Köln – Frau Walsken, nach zwölf Jahren als Regierungspräsidentin in Köln ist am kommenden Mittwoch Schluss. In Ihre Amtszeit fallen die Flüchtlingskrise 2015, Corona, die Hochwasser-Katastrophe und zuletzt die Folgen des Ukraine-Kriegs. Lauter Krisen. Sie wirken irgendwie erleichtert. Gisela Walsken: Sagen wir so. Ich bin jetzt nicht mehr traurig. Die Nachricht kam ohne Vorwarnung, weil Herr Kutschaty als SPD-Fraktionschef im Landtag nicht einbezogen war. Erleichtert nicht. Es gibt viele Sachen, bei denen ich hoffe, dass mein Nachfolger sie weiterführt.

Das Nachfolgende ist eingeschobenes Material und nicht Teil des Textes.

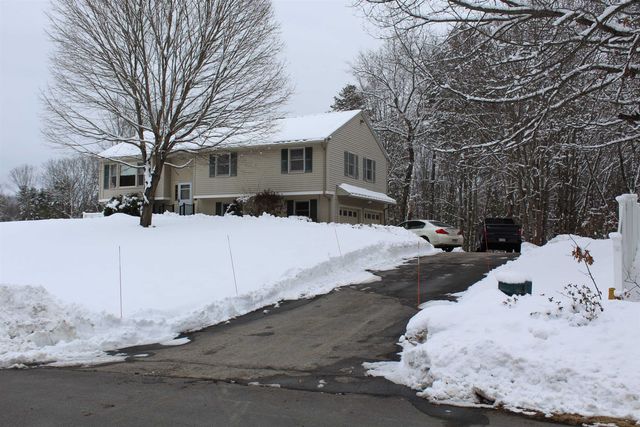 16 Towne Drive, Derry, NH 03038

Mussten Sie nach der Pleite der SPD bei der Landtagswahl nicht damit rechnen?

Dass die Landesregierung für die SPD einen eigenen Kandidaten aussucht, damit habe ich nicht gerechnet. Normalerweise geschieht das im Dialog mit dem Fraktionschef. Thomas Kutschaty hatte der neuen Landesregierung gesagt, dass die SPD mit mir in Köln gern weitermachen würde. Alle Regierungspräsidenten wurden ausgetauscht. Das gab es vorher so noch nicht. Ich hätte es mir anders gewünscht, aber es ist jetzt nicht lebensbedrohlich.

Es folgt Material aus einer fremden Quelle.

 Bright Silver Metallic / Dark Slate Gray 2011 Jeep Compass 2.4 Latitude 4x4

Alles zum Thema Herbert Reul

Ist das Politgeschäft damit für Sie erledigt?

Mit 64 Jahren bin ich noch nicht im Pensionsalter und würde noch ganz gerne der Region verbunden bleiben.

Oberbürgermeister-Kandidatin für die SPD? In Köln? Oder in Ihrer Heimatstadt Duisburg?

Über so etwas reden wir gar nicht. Ich habe hier mehr als 2000 Leute über zwölf Jahre geführt. Ich habe eine Menge angestoßen in der Region. Von daher traue ich mir schon etwas zu.

Bei der OB-Wahl 2020 hat die SPD händeringend einen Kandidaten oder eine Kandidatin gesucht?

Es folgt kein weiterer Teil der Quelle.